TASK PROMPT -
In the material below, the line holding "Gladness Ray Daryana (����)" and every line after it should be reproduced exactly, please, with pictures omitted.

EXTRACTED RECORDS -
►
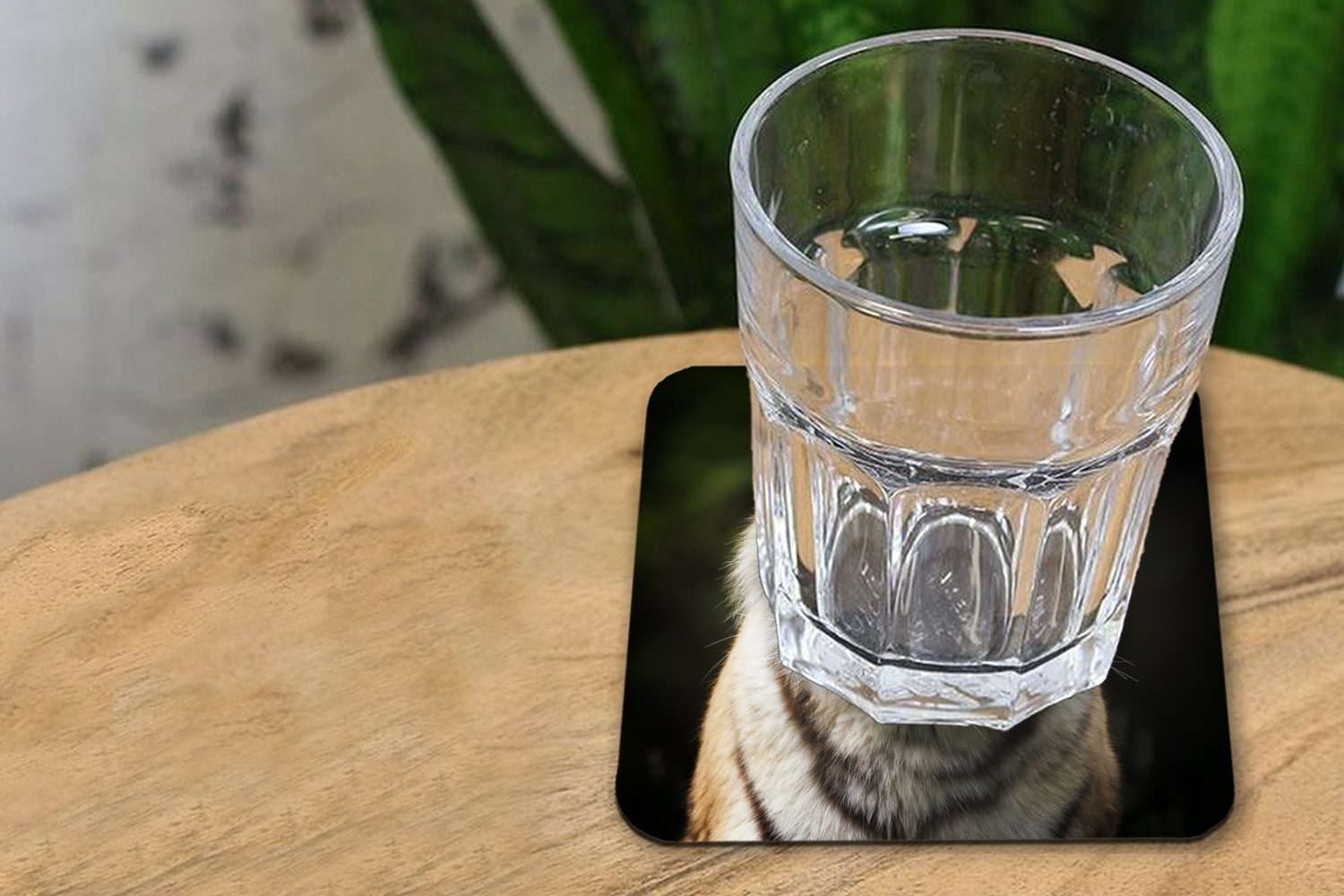 MuchoWow Glasuntersetzer Tiere für Tasse - - Glasuntersetzer, Gläser, Tischuntersetzer, 6-tlg., Natur, Zubehör Untersetzer, Korkuntersetzer, Tiger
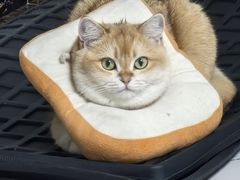 -瑞派福兴宠物医院犬猫全科·骨科·中西医结合(河东店)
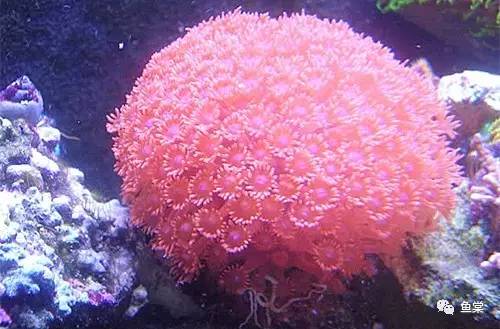 鱼缸养护知识及注意事项,如何维护鱼缸水质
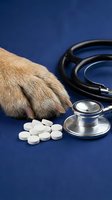 Animal paw resting near white medication tablets and stethoscope on blue surface for veterinary medicine and pet healthcare concepts.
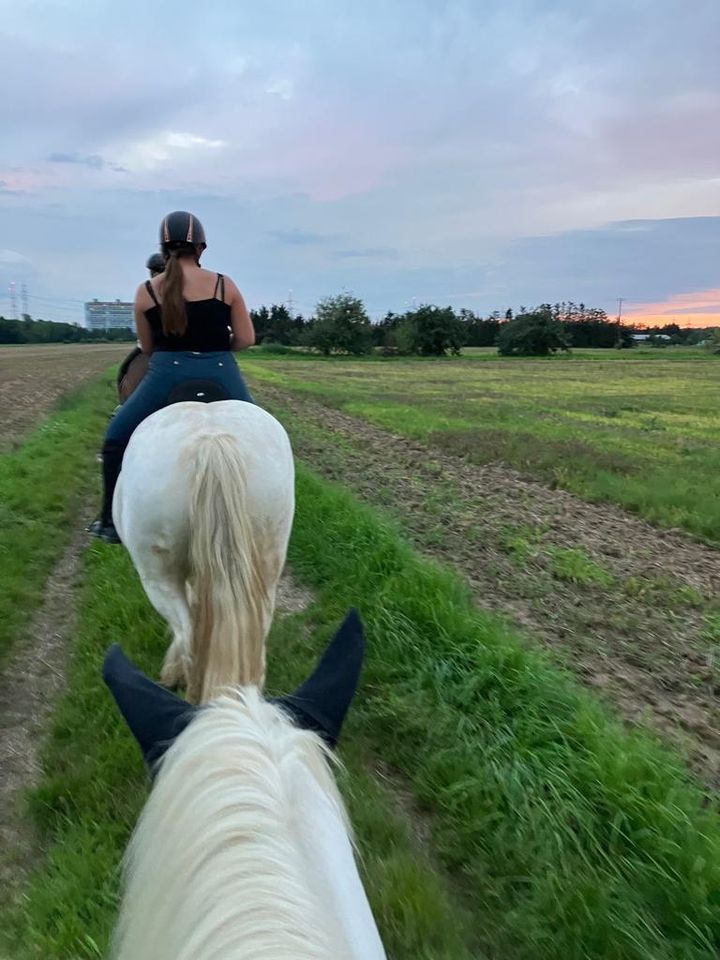 Ich suche eine Reitbeteiligung (Reiter sucht Pferd) in Frankfurt am Main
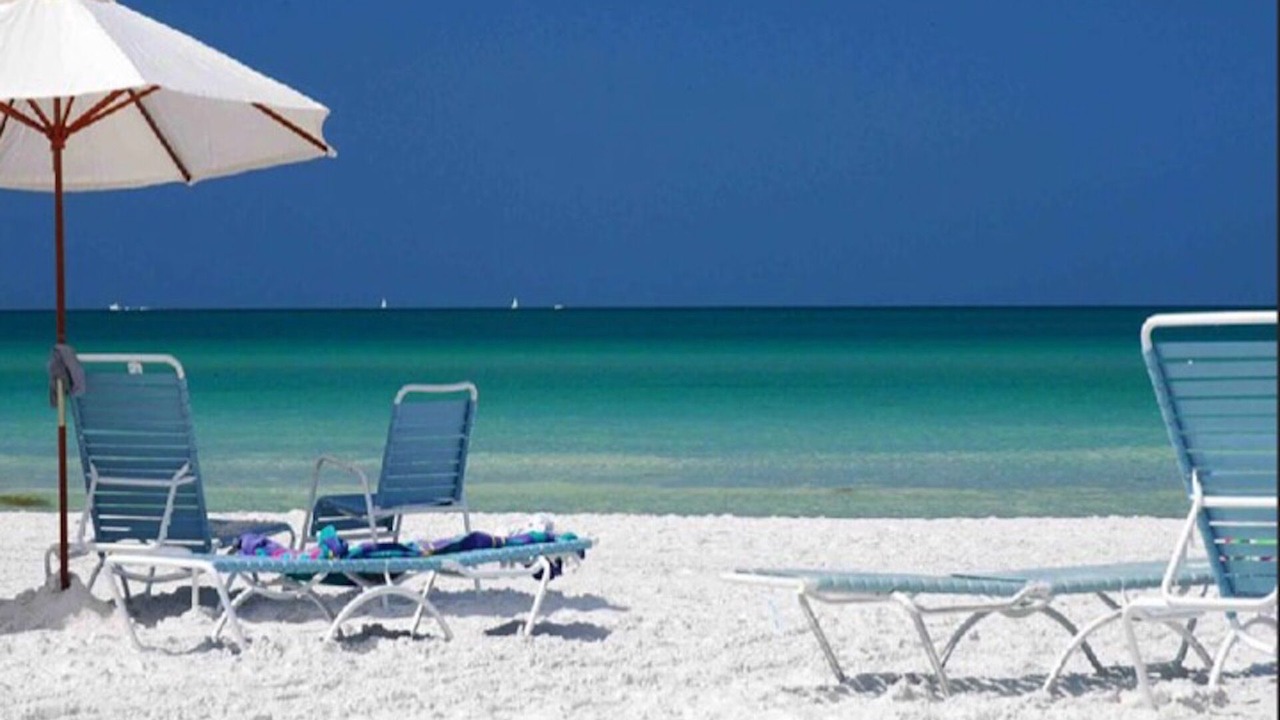 Photo of Outdoor in Siesta Key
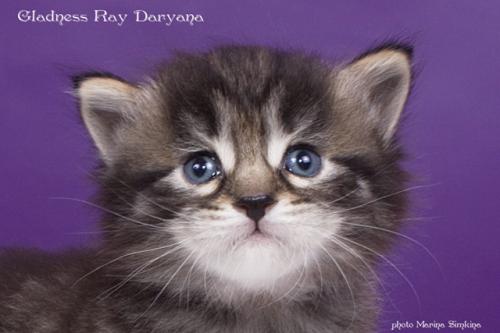 Gladness Ray Daryana (����)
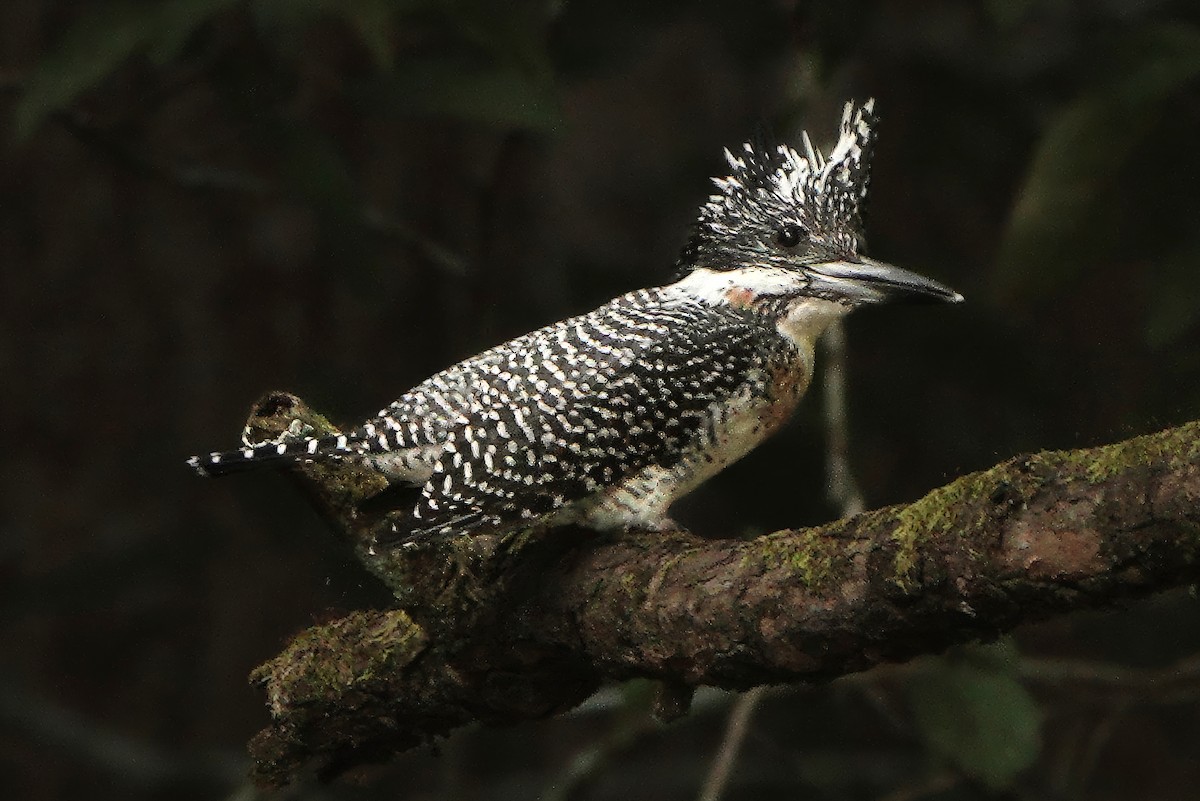 Crested Kingfisher - ML646518021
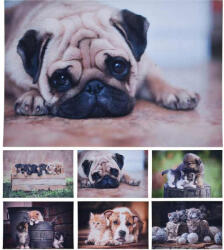 Homestyling Covoraș de curățare 58X38cm Bulldog KO-GR1001000buld Covor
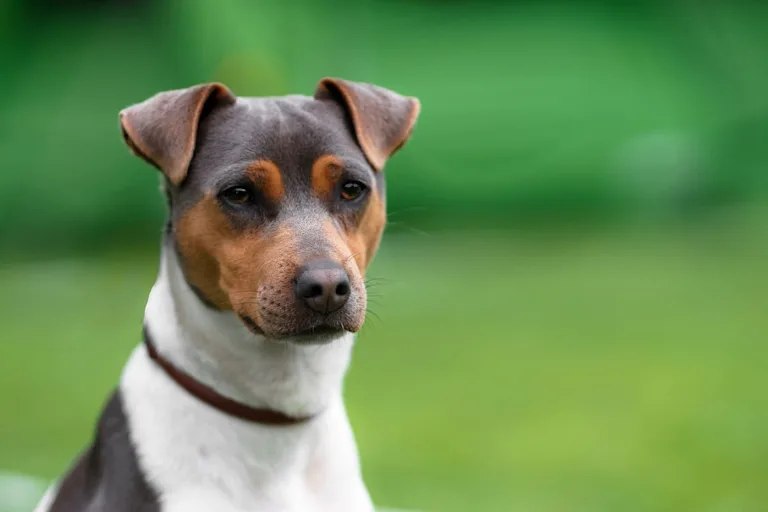 chien-terrier-bresilien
◄
SOLUTION TO THIS TASK -
 Gladness Ray Daryana (����)
 Crested Kingfisher - ML646518021
 Homestyling Covoraș de curățare 58X38cm Bulldog KO-GR1001000buld Covor
 chien-terrier-bresilien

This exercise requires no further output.